Capital markets regulator SEBI on Monday slapped a penalty of Rs 8 lakh on Brightcom Group for failing to make timely disclosures to stock exchanges.
The Securities and Exchange Board of India conducted an examination in the matter of Brightcom Group Ltd for the alleged violation of provisions of Listing Obligations and Disclosure Requirements rules. SEBI initiated proceedings against BGL in the matter and issued show cause notice on May 31, 2024.
In its order, SEBI observed that Brightcom had not submitted its financial results for the quarters ending Sept. 30, 2023, and Dec. 31, 2023. In view of the same, it was alleged that the noticee (Brightcom Group) violated the provisions of disclosure rules.
Under the SEBI norms, a listed entity will have to submit quarterly and year-to-date standalone financial results to the stock exchange within 45 days of end of each quarter.
Being a listed company, the noticee was under the obligation to ensure timely compliance and cannot do away with its responsibilities under the pretext of resignation of various directors, KMPs and auditors, thereby flouting disclosure rules.
The regulator's investigation also revealed that the noticee had intimated the stock exchanges with respect to the resignation of its three directors with a delay of 6 days, 4 days and 1 day respectively.
Also, in February this year, SEBI passed a confirmatory order in the matter of BGL. Thus, the company was required to disclose the same to the stock exchanges, however, which it had not disclosed at the time of examination.
The resignation of its KMPs and statutory auditors in July and August, 2023 could not have any bearing on not making the disclosure with respect to the regulator's order, which was passed on Feb. 28, 2024.
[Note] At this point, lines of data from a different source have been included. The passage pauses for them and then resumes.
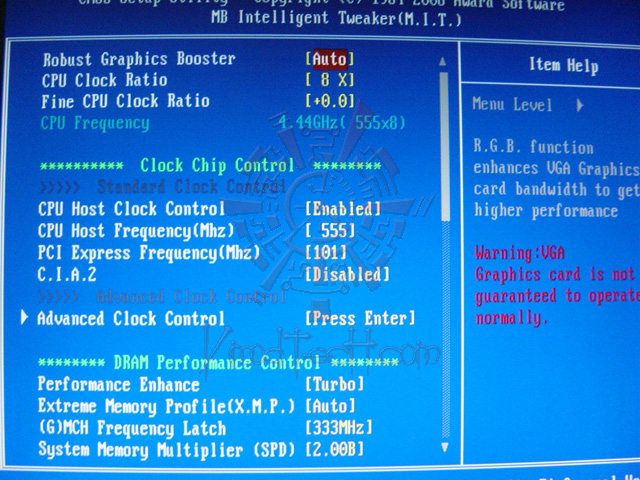 bios002 GIGABYTE EP45 UD3R :  Easily to Play with FSB.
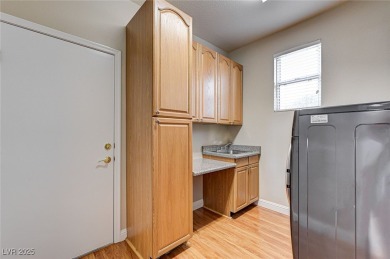Beautiful 2 bed + den, 2 bath home on a desirable corner lot in on Siena Golf Club in Nevada - for sale on GolfHomes.com, golf home, golf lot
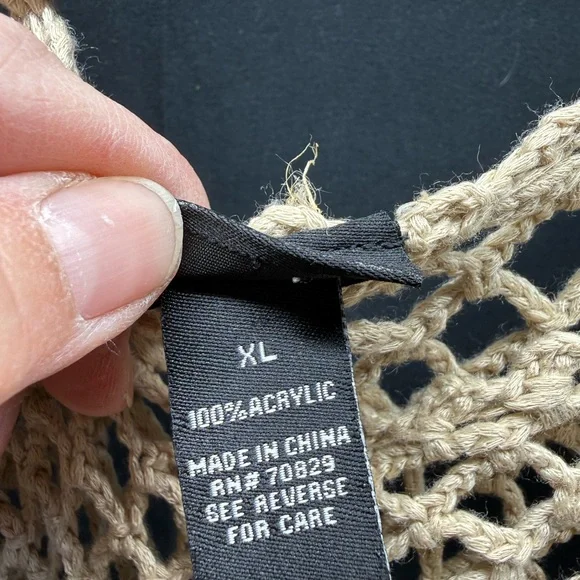 Rue21 Beige Crochet Knit Poncho Sz XL (15ai) - Picture 3 of 4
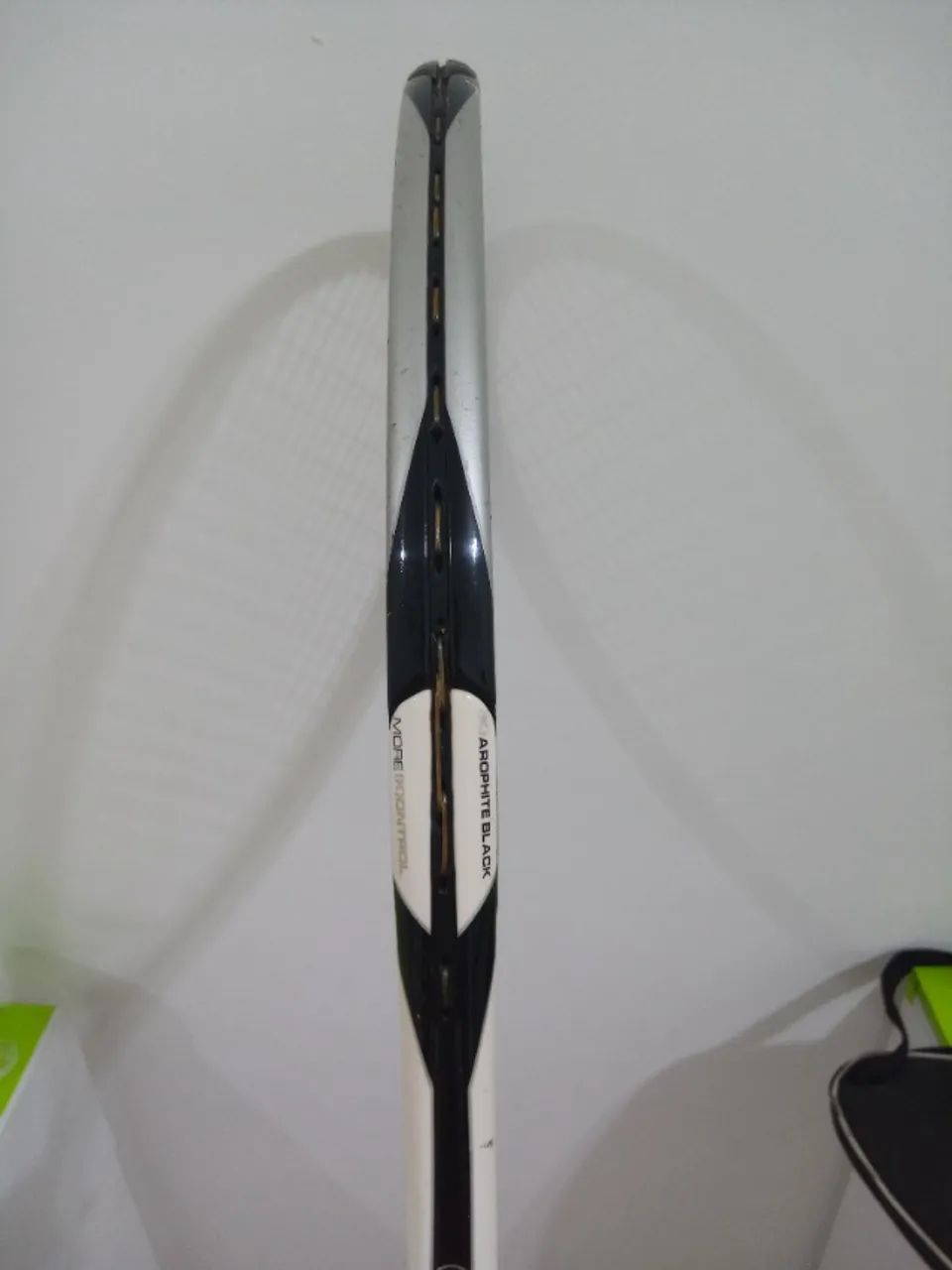 Raquete de tênis Wilson K Factor Black com bag original  - Foto 5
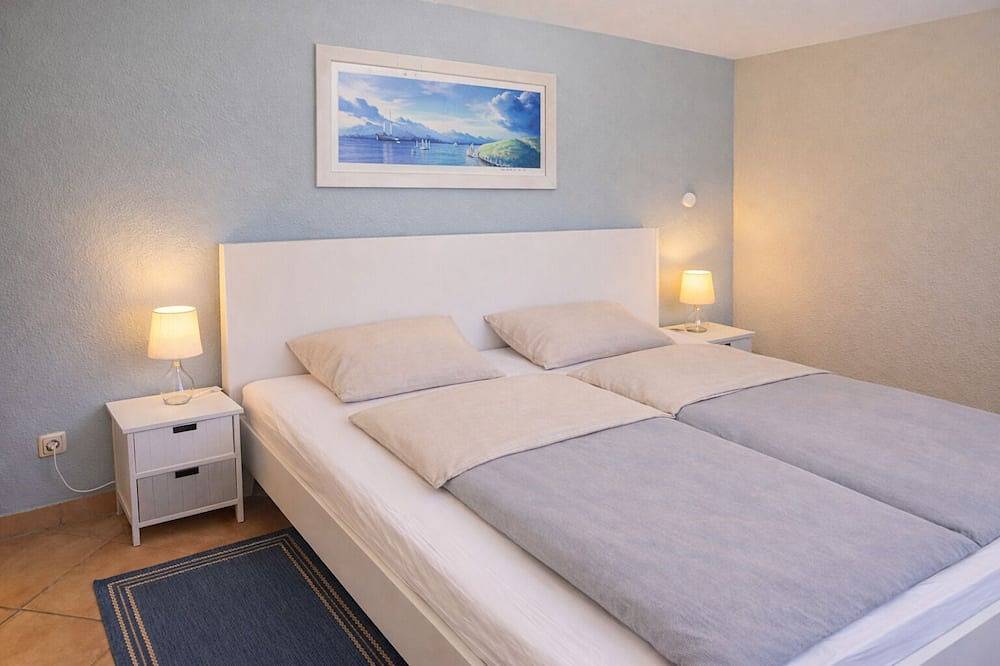 Komfortabel eingerichtete Feriendoppelhaushälfte mit Kamin für 4 Personen in Pruchten, Vorpommern-Rügen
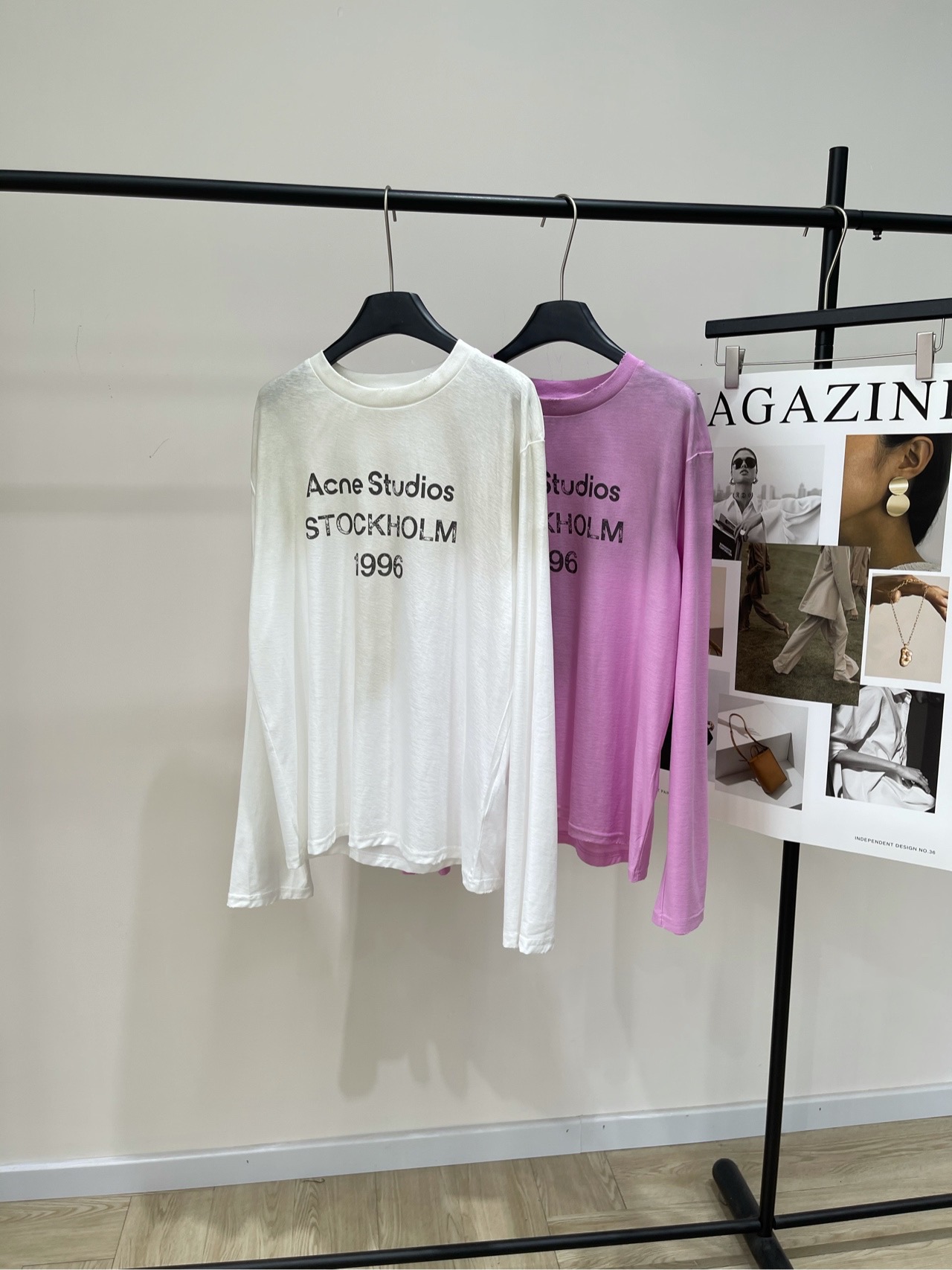 NO:463864,【AC Gradient Letter Print Long Sleeve T】, fabric is all cotton, color beige and pink purple, a new interpretation of the classic version of the 1996 long sleeve T, the New Year's bell is about to ring, the limited edition tie-dye pink purple 1996 is here as promised. This long sleeve, with gray and white gradient design, exudes a retro charm, the old English letter printing is faintly, adding a bit of luxury and elegance to this long sleeve. This is a new interpretation of the classic version, classic but unique, and exquisite taste is revealed in casual and lazy. Flat size S shoulder width 50, bust 116, 66, sleeve length 66 M shoulder width 51, bust 120, 67, sleeve length 67 L shoulder width 52, bust 124, 6t, sleeve length 68. There will be 2~3cm errors in manual measurements, belong to the normal range,, alexander  wang19860909【AC渐变字母印花长袖T】 ,面料全棉 颜色米白、粉紫 限定版渐变色1996长袖T经典款的全新演绎, 新年的钟声即将敲响 限定版扎染粉紫色1996如约而至 这款长袖,以灰白渐变做旧设计 散发着复古的韵味 做旧英文字母印花若隐若 为这件长袖增添了几分奢华与高雅 这是经典款的全新演绎 经典却独特,休闲慵懒中流露出精致的品味 平铺尺码 S肩宽50,胸围116,衣长66,袖长66 M肩宽51,胸围120,衣长67,袖长67 L肩宽52,胸围124,衣长6t,袖长68 手工测量会有2~3cm误差属于正常范围,,alexander wang,Women's clothing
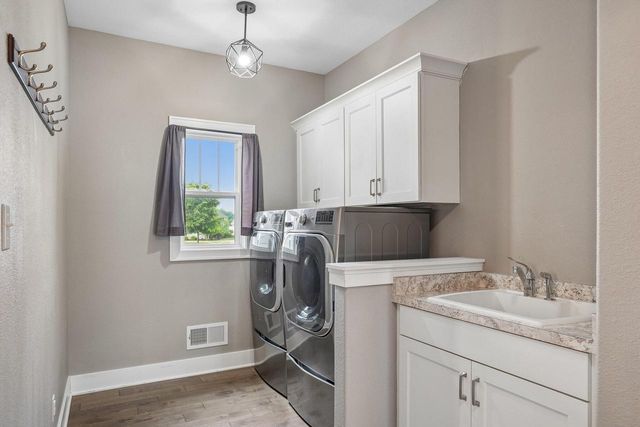 N66W15859 Winnebago TRAIL, Menomonee Falls, WI 53051
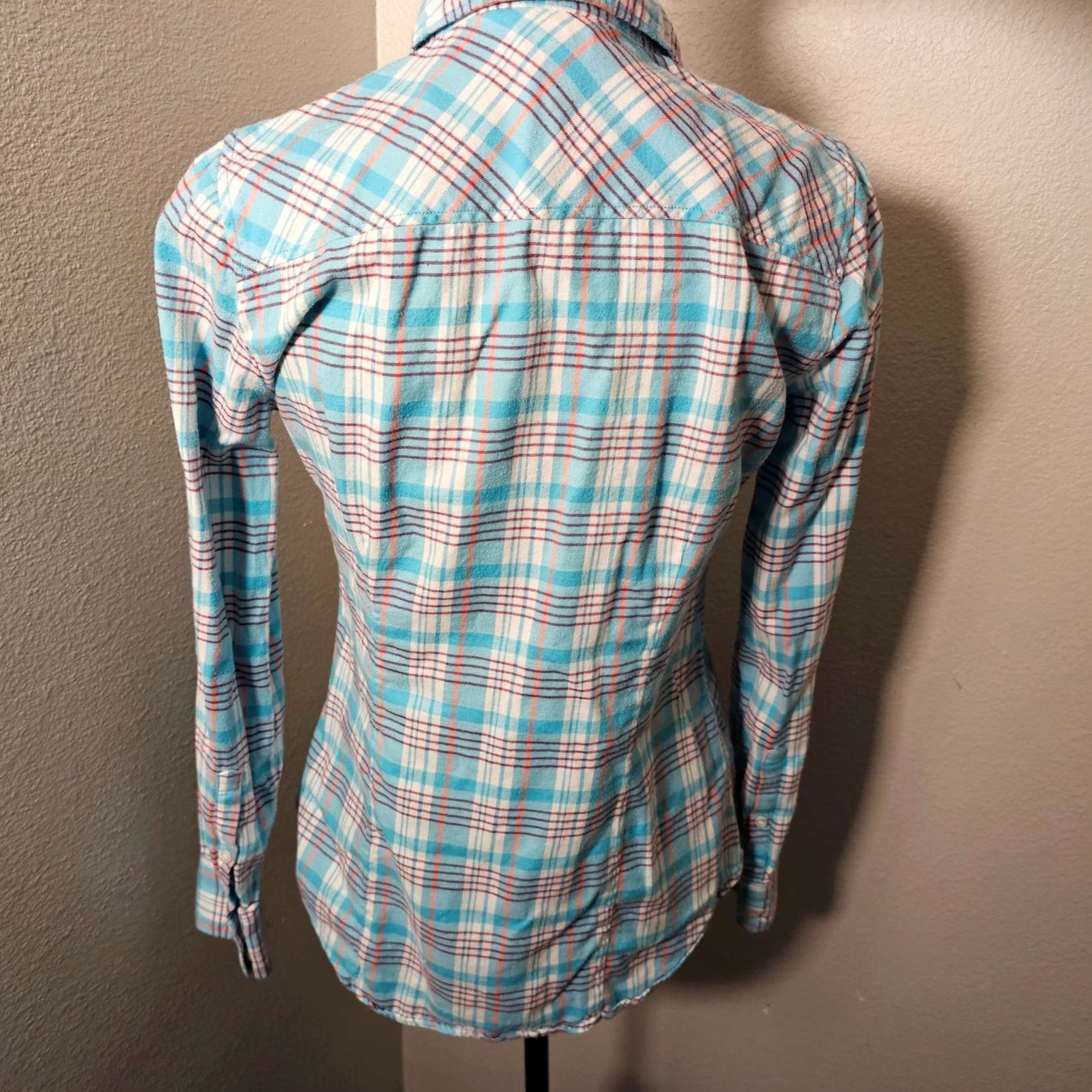 J.Crew J.CREW Button-Up Shirt Womens XS Blue Plaid Long Sleeve Lightweight Shirt Size XS / US 0-2 / IT 36-38 - 4 Thumbnail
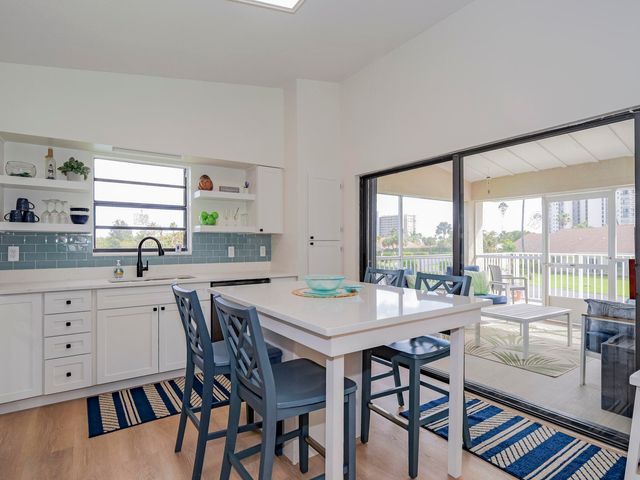 3206 S Lakeview Circle 1206, Hutchinson Island, FL 34949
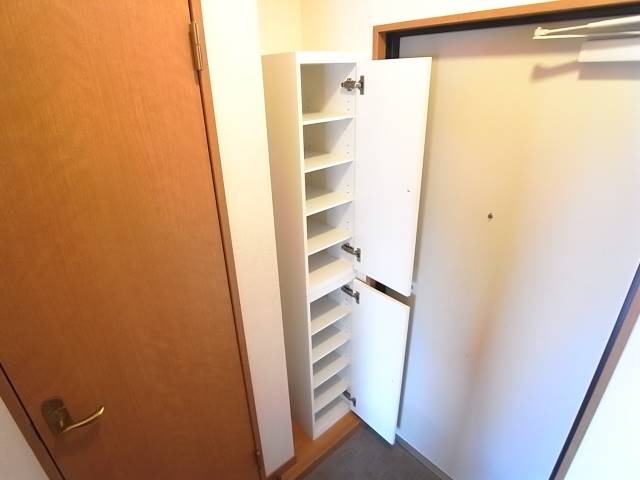 綺麗な玄関と大容量靴箱。別室参照。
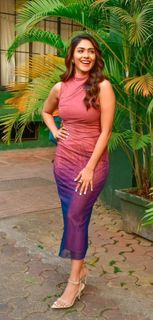 Mrunal Thakur feet photo 18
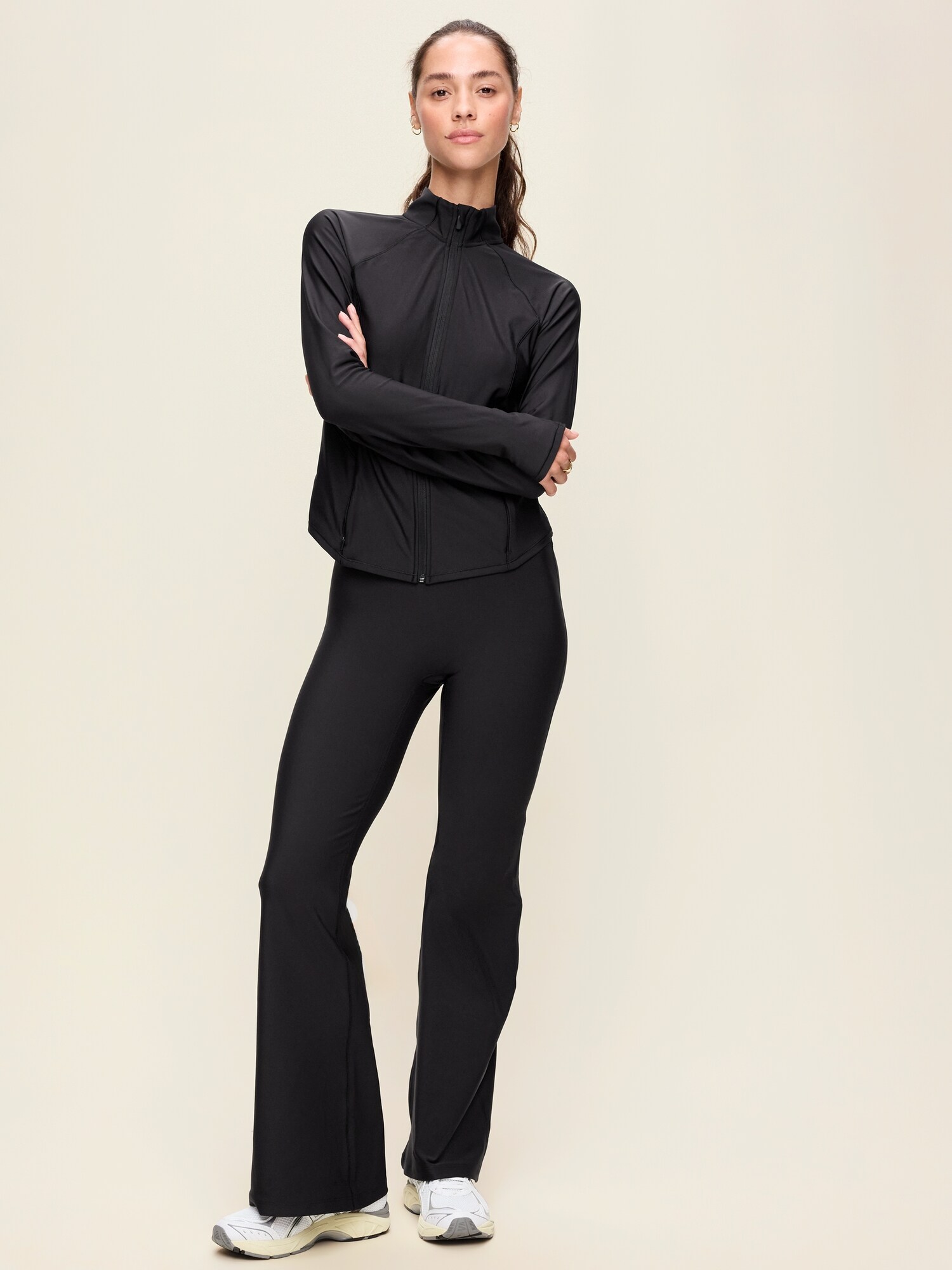 Женские леггинсы Old Navy Extra High-Waisted PowerSoft Boundless Flare Leggings – No Front Seam, цвет: Чёрный — фото 2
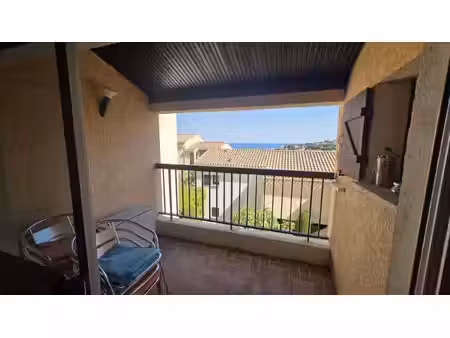 location meublé t3 avec coin nuit - piscine - garage les issambres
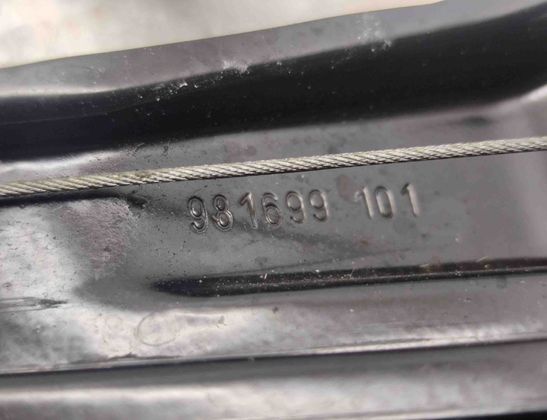 MERCEDES-BENZ C-Class W204/S204/C204 (2004-2015) Priekšējo kreiso durvju logu pacēlājs A20476000734,A2048201902,A2048204102,963757102,A2044400605,A2047200179,A2047202535,A2048210751,A2048901167,A2128203485 17485319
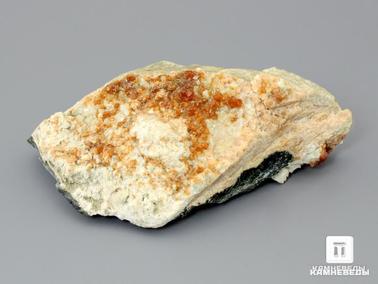 Гранат. Гранат гроссуляр, 8,7х5,2х3,3 см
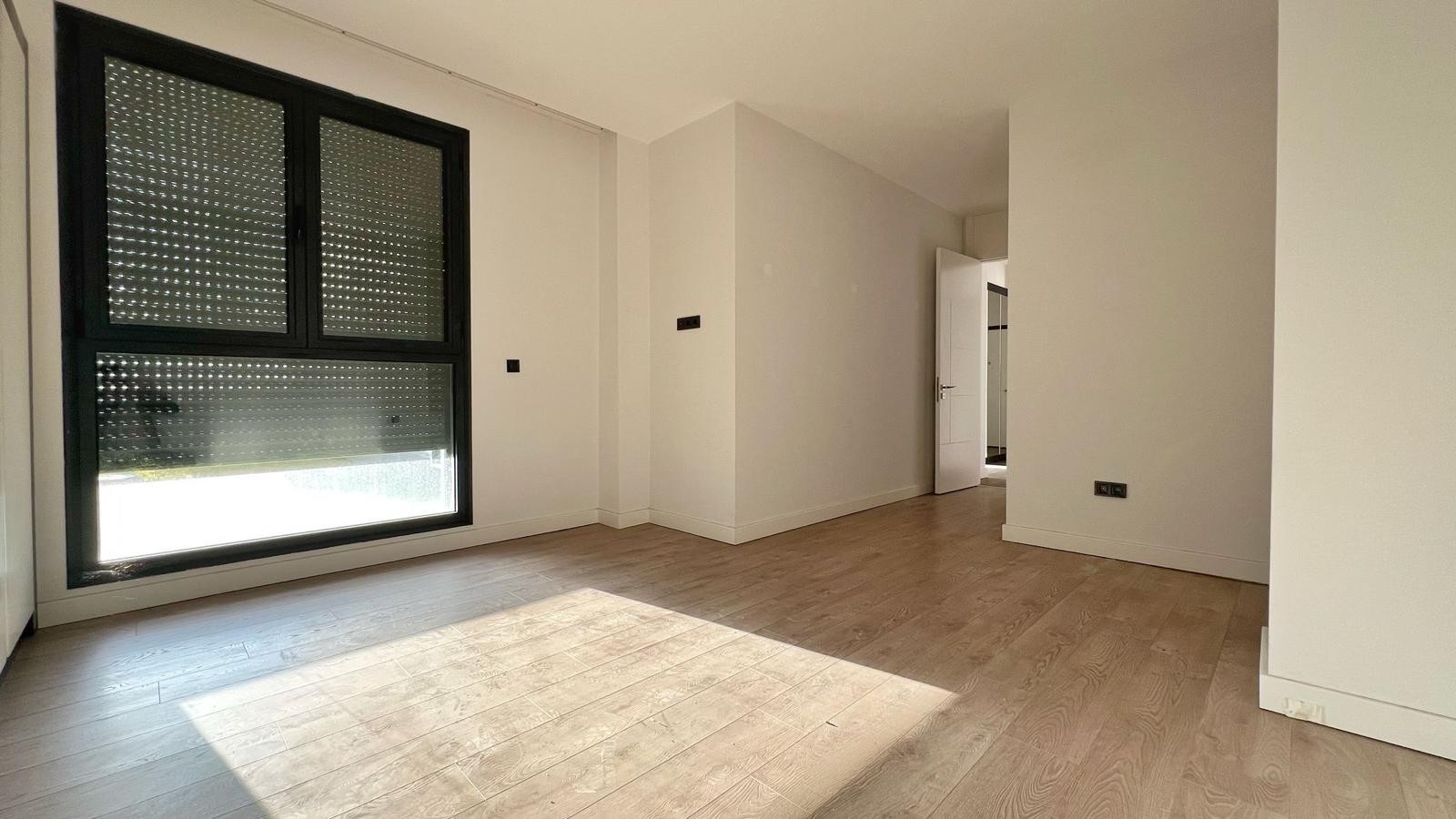 Spacious Apartment with Panoramic Pool and Sea Views in Kuşadası Değirmendere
Had the noticee acted with due care and diligence, timely disclosures could have been made, it is further noted that the disclosure has still not been made by the noticee, as on the date of this order. Thus, the violation is still continuing.
However, there was a delay on part of BGL to file the disclosures which were not made in a timely manner and thus, cannot be considered to be in compliance with the LODR rules.